Friday, June 20, 2014

Winter's Coming

Giant Blue-eyed Grasshopper awaiting winter in the basil
In that very Australian way of taking the sun for granted, Winter has been officially here since the 1st of June and chilly nights started soon after. In the upside-down Home Bug Garden in Alberta, today is a day of mixed emotions: summer starts, but then the days start getting shorter in their inevitable slide towards the next winter. Weather is more lag than slave to the calendar and the upside-down North American tradition of using the solstices and equinoxes to begin seasons is an interesting tradition, but not especially logical. We still celebrate today in the Pie Creek Home Bug Garden. The 21st of June 2014 at 8:51 PM AEST will be the official Winter Solstice and the time at which the days start getting longer instead of shorter. Today will be the shortest day of 2014: sunrise 6:36 AM and sunset 5:06 PM.
Four Fruit-piercing Moths (Eudocima phalonia) ruining a mandarin
That means long nights. By the time the Solstice arrives it will have been dark for almost 4 hours with Scorpio overhead along with the Southern Cross, Milky Way and myriad other stars. Well, if it isn't cloudy. If it is, then it will be time to go moth hunting. The largest around at the moment are the beautiful but noxious fruit-piercing moths (Eudocima spp.): almost as large and even more annoying than House Sparrows (none of the latter here, thankfully).
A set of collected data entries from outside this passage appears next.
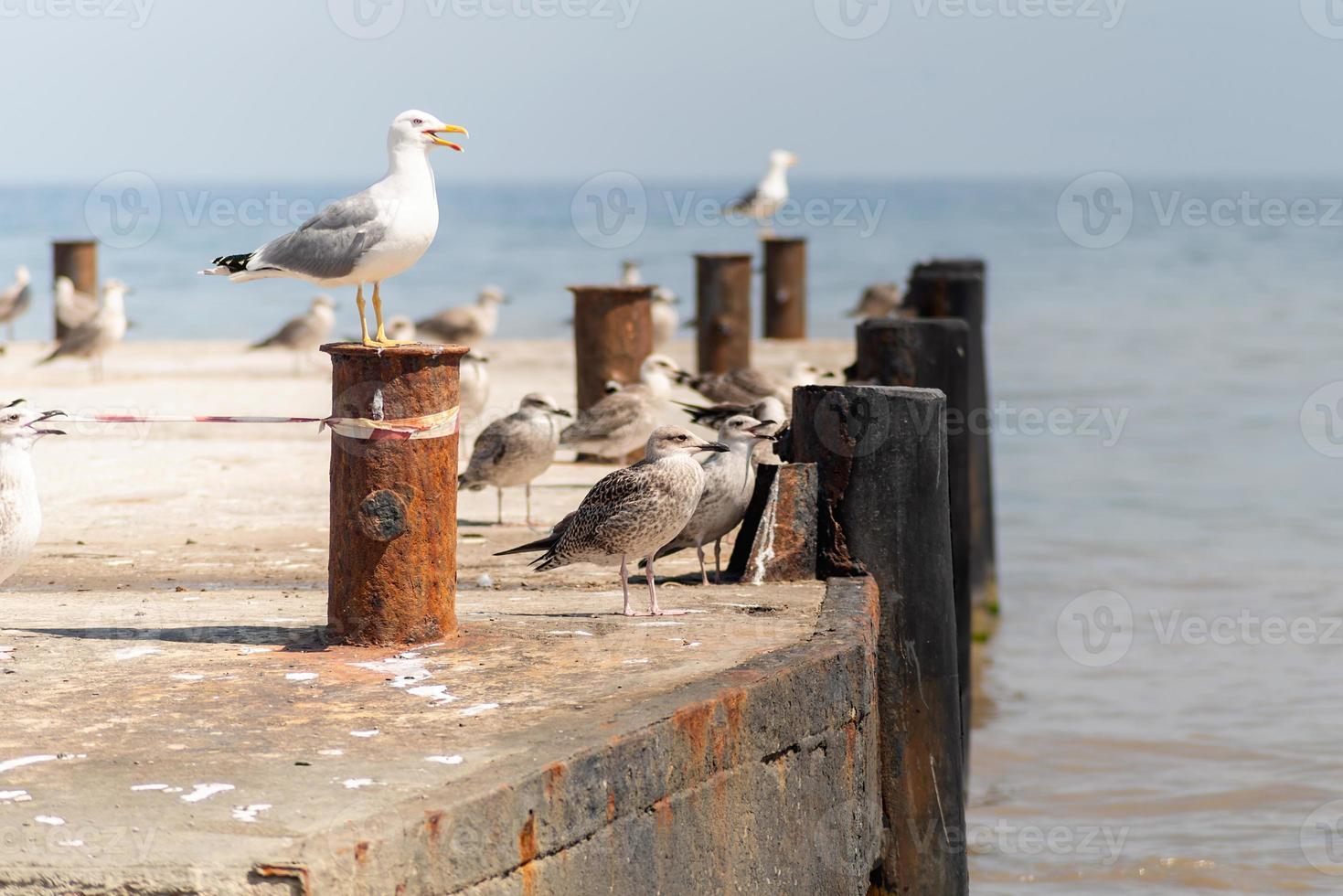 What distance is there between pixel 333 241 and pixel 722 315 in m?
10.5

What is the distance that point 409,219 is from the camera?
220 inches

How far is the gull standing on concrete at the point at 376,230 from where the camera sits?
5.60 m

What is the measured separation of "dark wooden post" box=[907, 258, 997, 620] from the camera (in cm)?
1210

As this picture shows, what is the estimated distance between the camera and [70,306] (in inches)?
815

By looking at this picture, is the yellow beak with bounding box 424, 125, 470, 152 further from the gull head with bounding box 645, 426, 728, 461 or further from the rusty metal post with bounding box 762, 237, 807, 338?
the rusty metal post with bounding box 762, 237, 807, 338

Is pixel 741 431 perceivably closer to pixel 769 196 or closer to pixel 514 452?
pixel 514 452

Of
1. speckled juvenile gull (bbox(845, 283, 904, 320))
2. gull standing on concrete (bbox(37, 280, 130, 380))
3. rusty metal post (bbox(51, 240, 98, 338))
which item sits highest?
rusty metal post (bbox(51, 240, 98, 338))

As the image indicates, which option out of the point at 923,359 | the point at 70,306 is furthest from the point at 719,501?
the point at 70,306

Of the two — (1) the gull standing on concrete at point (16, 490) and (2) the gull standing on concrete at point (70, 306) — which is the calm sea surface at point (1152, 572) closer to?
(2) the gull standing on concrete at point (70, 306)

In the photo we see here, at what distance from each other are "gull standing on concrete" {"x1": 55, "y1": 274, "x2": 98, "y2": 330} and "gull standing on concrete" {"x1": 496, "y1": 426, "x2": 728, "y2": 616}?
15384 millimetres

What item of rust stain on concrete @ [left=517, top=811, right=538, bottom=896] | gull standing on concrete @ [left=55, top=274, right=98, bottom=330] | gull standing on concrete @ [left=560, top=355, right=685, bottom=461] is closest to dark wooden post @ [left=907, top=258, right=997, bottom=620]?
gull standing on concrete @ [left=560, top=355, right=685, bottom=461]

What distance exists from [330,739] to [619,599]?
2.30 metres

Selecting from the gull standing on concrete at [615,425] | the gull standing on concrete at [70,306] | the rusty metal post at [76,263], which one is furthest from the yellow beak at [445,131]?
the rusty metal post at [76,263]

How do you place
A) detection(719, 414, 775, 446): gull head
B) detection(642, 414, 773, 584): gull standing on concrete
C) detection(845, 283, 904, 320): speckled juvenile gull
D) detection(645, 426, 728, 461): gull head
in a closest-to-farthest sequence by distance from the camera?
detection(645, 426, 728, 461): gull head
detection(642, 414, 773, 584): gull standing on concrete
detection(719, 414, 775, 446): gull head
detection(845, 283, 904, 320): speckled juvenile gull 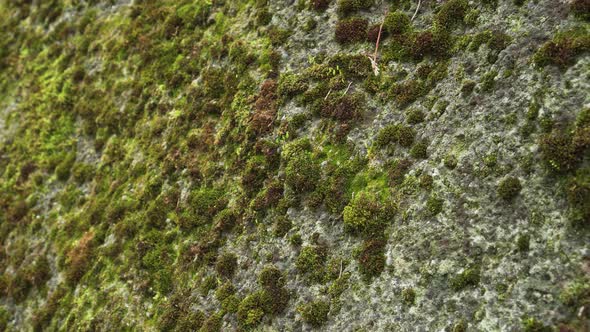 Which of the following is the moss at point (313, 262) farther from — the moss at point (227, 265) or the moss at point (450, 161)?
the moss at point (450, 161)

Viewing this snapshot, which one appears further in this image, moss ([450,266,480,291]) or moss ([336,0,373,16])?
moss ([336,0,373,16])

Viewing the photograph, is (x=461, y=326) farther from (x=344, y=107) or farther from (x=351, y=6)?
(x=351, y=6)

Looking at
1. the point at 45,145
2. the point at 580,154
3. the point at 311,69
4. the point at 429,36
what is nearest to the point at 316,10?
the point at 311,69

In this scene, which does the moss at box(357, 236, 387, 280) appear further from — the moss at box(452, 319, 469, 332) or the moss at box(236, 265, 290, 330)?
the moss at box(236, 265, 290, 330)

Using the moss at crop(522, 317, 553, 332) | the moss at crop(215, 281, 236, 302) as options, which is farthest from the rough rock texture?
the moss at crop(215, 281, 236, 302)

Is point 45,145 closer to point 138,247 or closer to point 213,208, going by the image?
point 138,247

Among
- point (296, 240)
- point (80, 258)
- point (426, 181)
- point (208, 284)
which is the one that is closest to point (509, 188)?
point (426, 181) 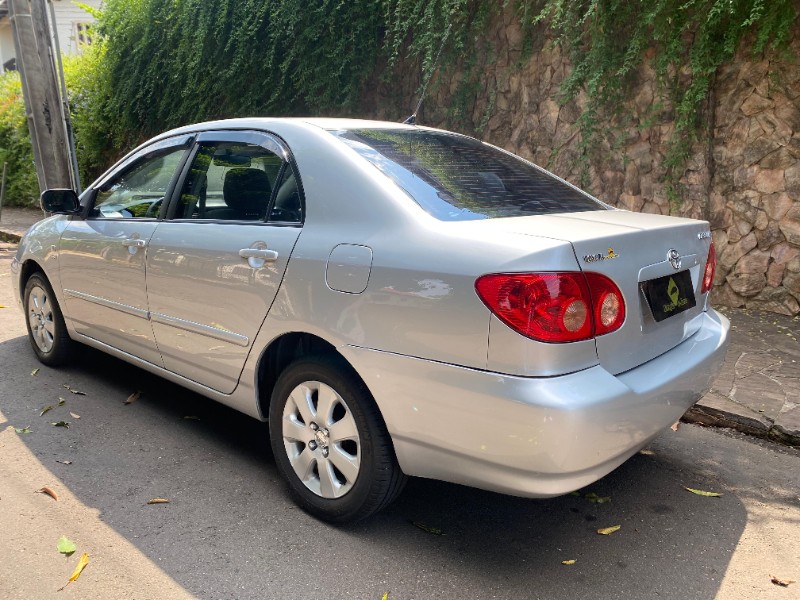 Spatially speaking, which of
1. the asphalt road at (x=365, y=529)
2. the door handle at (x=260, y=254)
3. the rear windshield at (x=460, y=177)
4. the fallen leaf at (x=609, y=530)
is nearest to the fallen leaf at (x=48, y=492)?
the asphalt road at (x=365, y=529)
Another Fruit-piercing Moth Eudocima materna
Mothing at the black light has not been particularly good. Most of the moths are small and seemingly impossible to identify, except for one small and all too numerous member of the leaf-mining and tying family Gelechiidae: Dichomeris capnites. This small (1 cm long) moth swarms the black light, crashes into the camera, and infiltrates the house.
Carpet moth (Scioglyptis cf lyciaria) & 4 party pooping Dichomeris capnites
Although small, this moth is easy to identify because of its aggregative desire: it forms giant clusters (up to 20 m in length have been reported) on vegetation of many thousands or perhaps millions of moths. Each tries to huddle together as close as possible (head to bum, side to side) so that the adorned leaves look as if they were coated in plate chain-mail.
Daytime aggregation of the Autumn Cluster Moth Dichomeris capnites
Appropriately, these moths have attracted the common name of Autumn Cluster Moth, although the clusters do persist into winter. The species name is also appropriate; 'capn+ites' from the ancient Greek words for 'smoke + like'. When disturbed, day or night, the resulting fluster is very much like dense smoke.
Native Bee (Tetragonula cf carbonaria) & Monarch share the basil
So that's the Home Bug Garden in Winter. A time of bugs big and small. Some good, some bad, most indifferent. The garden is bursting with salad greens, basil and assorted brassicas. I suppose I should make some pesto before a frost gets the basil.
A pair of Tawny Frogmouths snooze away a short winter day.